Only the stretch of the listing below that runs from the line with "Cung Quỷ Kiếm" through the line with "ATC PRO TEAM" is to be printed, exactly and with both ends.
# # # # # # #
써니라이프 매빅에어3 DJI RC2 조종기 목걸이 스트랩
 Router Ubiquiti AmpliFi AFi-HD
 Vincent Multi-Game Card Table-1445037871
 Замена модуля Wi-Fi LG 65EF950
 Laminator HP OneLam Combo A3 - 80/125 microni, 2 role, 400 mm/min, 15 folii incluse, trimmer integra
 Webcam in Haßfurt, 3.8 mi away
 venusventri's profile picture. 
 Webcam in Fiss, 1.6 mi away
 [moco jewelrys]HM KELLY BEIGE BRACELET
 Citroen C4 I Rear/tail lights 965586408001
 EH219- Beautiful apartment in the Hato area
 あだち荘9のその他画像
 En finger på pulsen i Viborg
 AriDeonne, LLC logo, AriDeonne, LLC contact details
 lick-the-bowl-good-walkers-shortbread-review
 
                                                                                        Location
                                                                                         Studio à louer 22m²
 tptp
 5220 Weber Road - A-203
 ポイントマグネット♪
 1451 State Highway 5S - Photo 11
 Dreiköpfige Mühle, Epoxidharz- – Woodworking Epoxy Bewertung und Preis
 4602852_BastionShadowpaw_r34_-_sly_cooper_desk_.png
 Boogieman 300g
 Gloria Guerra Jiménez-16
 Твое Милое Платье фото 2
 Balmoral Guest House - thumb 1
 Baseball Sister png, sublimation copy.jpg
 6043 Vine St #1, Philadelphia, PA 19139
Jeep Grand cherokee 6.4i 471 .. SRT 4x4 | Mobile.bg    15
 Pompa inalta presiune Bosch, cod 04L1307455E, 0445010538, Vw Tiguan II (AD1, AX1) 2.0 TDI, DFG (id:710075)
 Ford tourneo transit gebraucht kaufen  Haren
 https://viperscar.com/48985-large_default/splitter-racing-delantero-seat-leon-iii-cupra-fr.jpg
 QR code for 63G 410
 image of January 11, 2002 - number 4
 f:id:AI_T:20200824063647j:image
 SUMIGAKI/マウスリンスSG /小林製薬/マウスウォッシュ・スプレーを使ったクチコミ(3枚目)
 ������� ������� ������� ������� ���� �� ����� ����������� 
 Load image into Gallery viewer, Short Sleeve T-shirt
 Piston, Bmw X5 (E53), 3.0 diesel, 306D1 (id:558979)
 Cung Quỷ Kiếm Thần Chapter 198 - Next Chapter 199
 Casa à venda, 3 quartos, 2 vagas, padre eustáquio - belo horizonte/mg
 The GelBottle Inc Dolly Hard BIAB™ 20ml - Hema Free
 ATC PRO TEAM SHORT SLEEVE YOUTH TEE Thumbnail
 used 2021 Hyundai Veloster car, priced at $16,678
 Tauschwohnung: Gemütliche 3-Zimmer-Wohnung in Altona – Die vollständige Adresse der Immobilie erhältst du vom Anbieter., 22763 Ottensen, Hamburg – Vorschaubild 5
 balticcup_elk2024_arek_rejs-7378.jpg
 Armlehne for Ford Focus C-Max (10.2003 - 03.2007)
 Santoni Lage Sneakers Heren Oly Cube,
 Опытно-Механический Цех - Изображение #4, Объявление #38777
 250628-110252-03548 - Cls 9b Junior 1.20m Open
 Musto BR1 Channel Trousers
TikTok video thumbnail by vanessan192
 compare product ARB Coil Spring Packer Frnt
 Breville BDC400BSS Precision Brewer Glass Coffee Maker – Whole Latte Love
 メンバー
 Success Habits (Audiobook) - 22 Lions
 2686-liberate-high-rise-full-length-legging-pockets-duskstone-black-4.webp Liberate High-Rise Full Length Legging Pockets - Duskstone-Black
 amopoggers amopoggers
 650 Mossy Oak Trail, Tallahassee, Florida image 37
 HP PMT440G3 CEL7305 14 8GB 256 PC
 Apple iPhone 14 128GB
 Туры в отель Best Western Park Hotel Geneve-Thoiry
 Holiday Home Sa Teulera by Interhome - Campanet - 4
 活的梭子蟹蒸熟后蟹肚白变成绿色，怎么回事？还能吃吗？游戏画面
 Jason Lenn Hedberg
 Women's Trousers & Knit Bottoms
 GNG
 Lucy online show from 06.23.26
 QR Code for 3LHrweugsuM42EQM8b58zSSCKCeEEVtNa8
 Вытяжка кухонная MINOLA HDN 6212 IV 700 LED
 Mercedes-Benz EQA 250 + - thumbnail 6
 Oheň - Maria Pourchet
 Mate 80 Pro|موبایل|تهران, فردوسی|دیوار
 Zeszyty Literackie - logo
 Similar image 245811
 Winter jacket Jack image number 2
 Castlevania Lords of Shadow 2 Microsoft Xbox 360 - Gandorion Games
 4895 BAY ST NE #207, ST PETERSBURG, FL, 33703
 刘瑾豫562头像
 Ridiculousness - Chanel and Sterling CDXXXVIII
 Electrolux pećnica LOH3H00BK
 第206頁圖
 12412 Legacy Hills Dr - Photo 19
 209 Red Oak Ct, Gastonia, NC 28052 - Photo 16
# # # # # # #
> [Response]
 Cung Quỷ Kiếm Thần Chapter 198 - Next Chapter 199
 Casa à venda, 3 quartos, 2 vagas, padre eustáquio - belo horizonte/mg
 The GelBottle Inc Dolly Hard BIAB™ 20ml - Hema Free
 ATC PRO TEAM SHORT SLEEVE YOUTH TEE Thumbnail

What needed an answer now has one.